Using this information I wrote 40 letters, and heard back from one.  It's 1840 sqft triplex with two one bedroom units, a studio unit, and a detached 2 car garage.  All units individually metered for electricity, and each unit has their own small back yard.  I met the owner at the property the next week, and put it under contract that day.  Here are the numbers:

Purchase Price: $250,000
Current Rent: $1750 ($475/$575/$700)
Estimated Market Rent: $2500 ($650/$850/$1000) - I believe this to be conservative
PITI: $1495
Water/Sewer/Garbage: $200

Because it was an off market deal, I ended up needing a lot of help with the contract so the bank would accept it.  I used @David Greene loans, and honestly I couldn't have done the deal without them.  They helped me with some problems with my original contract and walked me through the whole process.

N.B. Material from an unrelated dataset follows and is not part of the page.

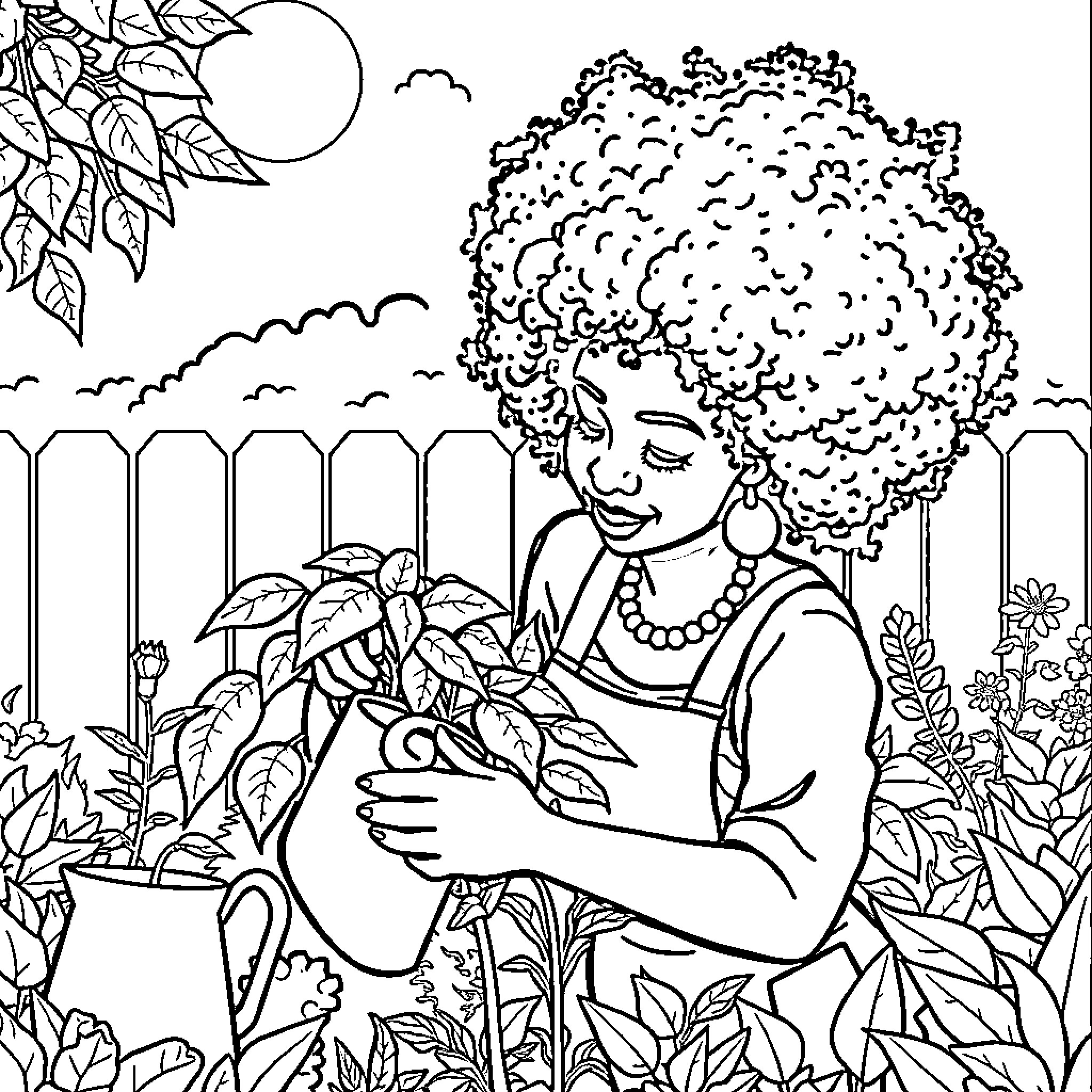 Woman tending to plants in a garden Coloring Page (free black-and-white line drawing printable PDF for all, from beginners to advanced learners, including children, teens, adults, and seniors)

California has rent control, which limits me to increasing rent by 5% annually plus inflation based on the consumer price index.  For 2020 that was 1.4%, meaning I am limited to a max rent increase of 6.4% per year assuming everything stays the same.  Assuming an annual 3% market rent increase, it will take me 9 years to get the studio to market rent, 10 years for the larger one bedroom, and 13 years for the middle unit (currently rented at $575).

My plan is to move in to the middle unit and live in it for one year.  I'm choosing the middle unit because the tenant has been a problem tenant, it will take me the longest to get it up to market rent, and it needs to be remodeled which I want to do myself.  Once I finish that, my plan is to look into turning the detached garage into a 4th unit.  Currently it's just used as storage and there is ample street parking, so for the small value it currently provides I believe another unit will be a better use for it.

If everything works out perfectly, I will then refinance the whole property and pull out as much equity as I can.

Essentially, this is an off-market-deal/house-hack/live-in-flip/value-add/BRRRR. Have I missed anything else preached here? :)

All of this will require me to learn more about remodeling, permitting, zoning, and working with the city, which is an added benefit.

Next step is getting the middle tenant out.  I'm trying to find a lawyer to help me with this, and my initial plan is Cash for Keys and then go from there.  I will update as this project moves forward.

Really excited for my first deal.  This is the first of hopefully many.

Any advice or questions welcome.

Excellent! Congratulations! We are also in the Central Valley, but I decided to invest remotely out of state. This state is killing me and I won't last much longer here. It sounds like you are doing well and prospering. So cool!

Nice work! While it will indeed take a bit of time to get to market rents if tenants stay, most will leave much sooner than 9-13 years (especially the studio and 1-bedroom) and then you can relist at market rents. This is essentially what we have done. Also, 2020 was a unique - 1.4% is on the low side, and I think it'll be closer to 7-8% yearly rental increases. 

All of which is to say, I think you'll find that you will be reaching your market rents much sooner than 9-13 years. 

@Tom Conant

Looks like you've put in the work and are on your way to your first big purchase. Just want to applaud you for the effort!!

Questions for you:

1. Did you use an agent to buy the off market deal? I know you mentioned David Greene's load team, but not sure if they also acted as your agent.

2. Have you started renovation? If so, what have you found to be difficult?

Please keep us updated and I'd love to follow through how your first grand purchase works out.